With body positivity a relatively recent cultural focus, Loomer adapted the story’s celebrated embrace of fuller-figured bodies to resonate with today’s audiences. One prominent character, Ana’s outspoken mother Carmen—who prioritizes family—frequently criticizes Ana’s weight in the film.
“Regarding Carmen, I felt she would be better understood if we set her in 1987,” Loomer said.
For the musical, the character’s harsher edges were softened. On Broadway, Justina Machado plays Carmen, a role originally portrayed by Lupe Ontiveros in the film. The revision offers less body shaming and more context to explain Carmen’s generational and cultural motivations, though some subtle criticisms remain, like suggesting Ana skip a meal.
“You want to dislike what she says, but at the same time, she isn’t trying to demean Ana,” Huerta noted. “She’s processing her feelings as she speaks, and that’s where it comes from.”
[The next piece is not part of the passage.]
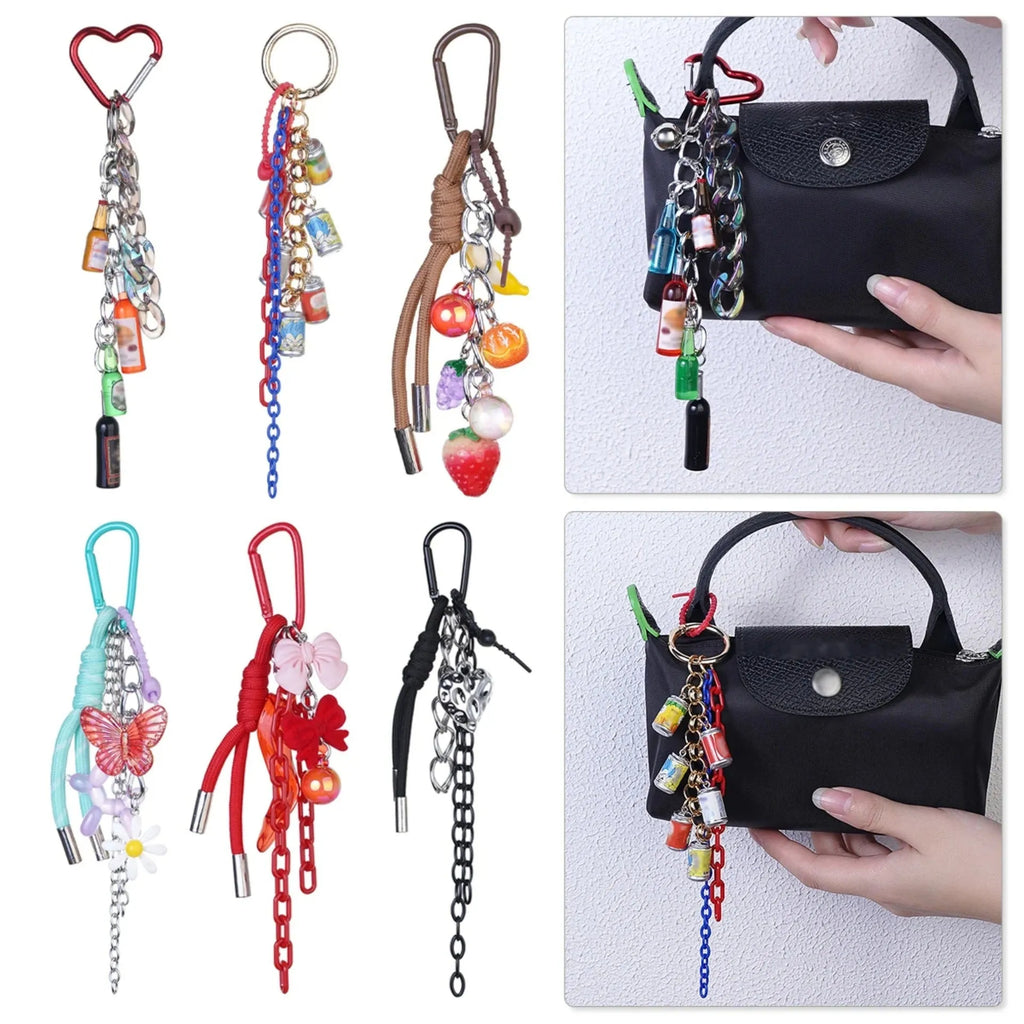 Alloy keychain with electroplated love heart pendant on a chain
Striking the right balance was delicate, Loomer added: the team wanted non-Spanish speaking audiences to follow the story while preserving its authenticity.
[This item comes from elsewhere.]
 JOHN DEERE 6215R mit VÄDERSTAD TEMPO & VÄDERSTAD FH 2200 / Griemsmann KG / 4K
“At home, they wouldn’t speak English, especially not in the factory,” she said. “So it was important to convey the sense of Spanish—the rhythms—while ensuring English-speaking audiences could understand.”
Sixteen of the 19 cast members are of Latinx or Hispanic heritage, most making their Broadway debuts. “I love seeing that when the curtain rises each night, people think, ‘Wow, that could be me on stage,’ or maybe my aunt, cousin, or family member,” Huerta said about the diverse cast.
During the Cambridge performances, the creative team experimented with how much Spanish to include in the songs. “We never wanted the Spanish to pull people out of the story,” Velez said. “It was a dance to find the right balance.”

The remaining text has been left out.